Large models have improved performance on a wide range of modern computer vision and, in particular, natural language processing problems. However, issuing patches to adjust model behavior after deployment is a significant challenge in deploying and maintaining such models. Because of the distributed nature of the modelâs representations, when a neural network produces an undesirable output, making a localized update to correct its behavior for a single or small number of inputs is difficult. A large language model trained in 2019 might assign a higher probability to Theresa May than Boris Johnson when prompted. Who is the Prime Minister of the United Kingdom?
An ideal model editing procedure would be able to quickly update the model parameters to increase the relative likelihood of Boris Johnson while not affecting the model output for unrelated inputs. This procedure would yield edits with reliability, successfully changing the modelâs work on the problematic input (e.g., Who is the Prime Minister of the United Kingdom?); locality, affecting the modelâs output for unrelated inputs (e.g., What sports team does Messi play for?); and generality, generating the correct output for inputs related to the edit input (e.g., Who is the Prime Minister of the United Kingdom?). Making such edits is as simple as fine-tuning with a new label on the single example to be corrected. However, fine-tuning on a single sample tends to overfit, even when the distance between the pre-and post-fine-tuning parameters is limited.

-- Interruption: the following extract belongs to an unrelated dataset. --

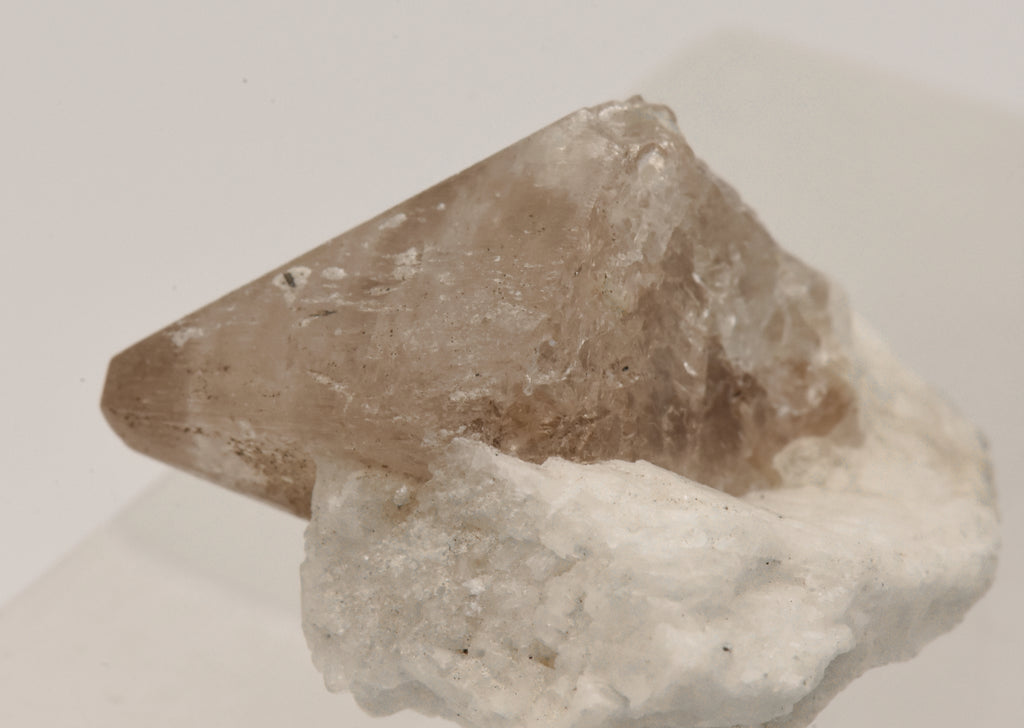 Beautiful "Champagne" Topaz Terminated Crystal on Matrix - Pakistan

Overfitting causes both locality and generality failures. While fine-tuning the edit example and ongoing training on the training set improves locality, their experiments show that it still needs more generality. Furthermore, it necessitates continuous access to the entire training set during testing and is more computationally demanding. Recent research has looked into methods for learning to make model edits as an alternative. Researchers present a bi-level meta-learning objective for determining a model initialization for which standard fine-tuning on a single edit example yields valuable modifications.